Distal Interference: Exploring the Limits of Model-Based Continual Learning
This addresses the challenge of catastrophic forgetting in neural networks for continual learning, but it is incremental as it builds on existing theories and proposes a specific architecture with limited practical impact.
The study tackled the problem of catastrophic interference in continual learning by analyzing how gradient descent and overlapping representations cause distal interference, and proposed the ABEL-Spline architecture with polynomial complexity and some distal interference guarantees, but found it insufficient for model-only continual learning, suggesting data or algorithm augmentation is needed.
Continual learning is the sequential learning of different tasks by a machine learning model. Continual learning is known to be hindered by catastrophic interference or forgetting, i.e. rapid unlearning of earlier learned tasks when new tasks are learned. Despite their practical success, artificial neural networks (ANNs) are prone to catastrophic interference. This study analyses how gradient descent and overlapping representations between distant input points lead to distal interference and catastrophic interference.
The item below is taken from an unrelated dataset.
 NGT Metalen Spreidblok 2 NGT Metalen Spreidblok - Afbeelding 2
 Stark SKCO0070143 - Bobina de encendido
Distal interference refers to the phenomenon where training a model on a subset of the domain leads to non-local changes on other subsets of the domain. This study shows that uniformly trainable models without distal interference must be exponentially large. A novel antisymmetric bounded exponential layer B-spline ANN architecture named ABEL-Spline is proposed that can approximate any continuous function, is uniformly trainable, has polynomial computational complexity, and provides some guarantees for distal interference. Experiments are presented to demonstrate the theoretical properties of ABEL-Splines. ABEL-Splines are also evaluated on benchmark regression problems. It is concluded that the weaker distal interference guarantees in ABEL-Splines are insufficient for model-only continual learning. It is conjectured that continual learning with polynomial complexity models requires augmentation of the training data or algorithm.